Work task
Leaving out the pictures, output the lines from the one that contains "Movie still from" through the end of the material, exactly as they stand.

Input data
• • • • •

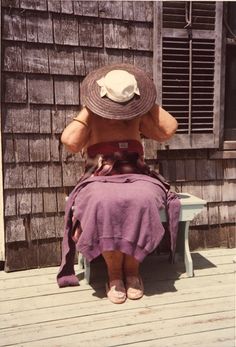 a woman in a hat sitting on a bench with her back turned to the camera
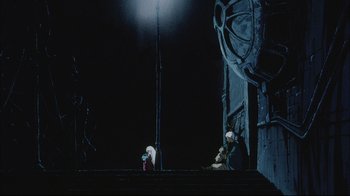Movie still from “Angel's Egg” (1985), directed by Mamoru Oshii – Two people sitting on steps in front of a building at night; Wide shot, Low angle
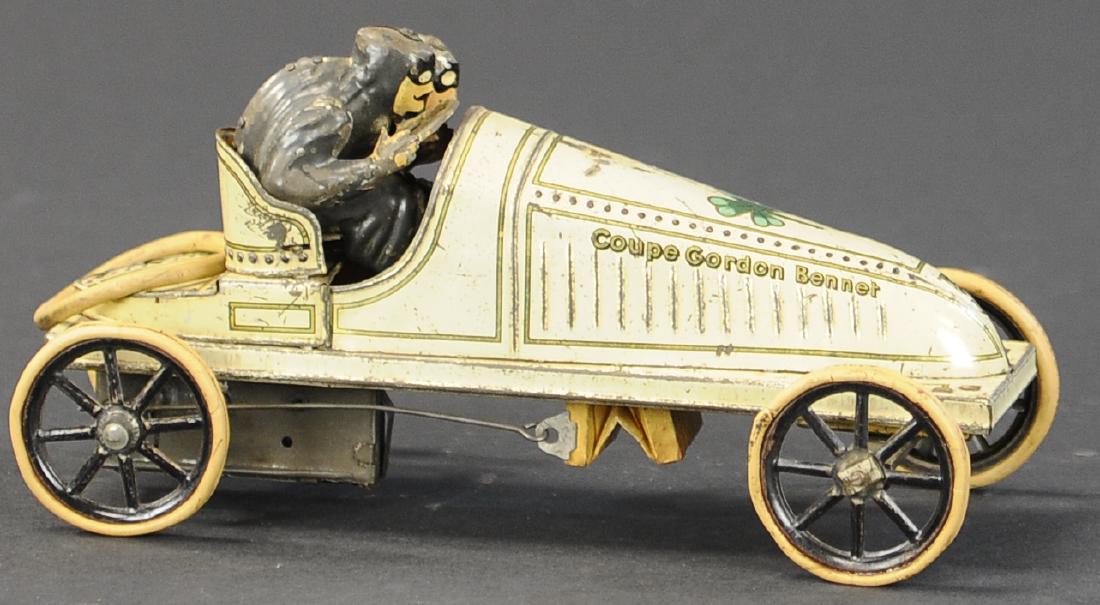 GUNTHERMANN GORDON BENNETT RACER: 433. GUNTHERMANN GORDON BENNETT RACER | Wind-up mechanism wound by fixed key in front of rear left wheel, rear axle moves shaft that operates bellows-type noise maker. Provenance: Donald Kaufman Colle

• • • • •

Answer to the exercise
Movie still from “Angel's Egg” (1985), directed by Mamoru Oshii – Two people sitting on steps in front of a building at night; Wide shot, Low angle
 GUNTHERMANN GORDON BENNETT RACER: 433. GUNTHERMANN GORDON BENNETT RACER | Wind-up mechanism wound by fixed key in front of rear left wheel, rear axle moves shaft that operates bellows-type noise maker. Provenance: Donald Kaufman Colle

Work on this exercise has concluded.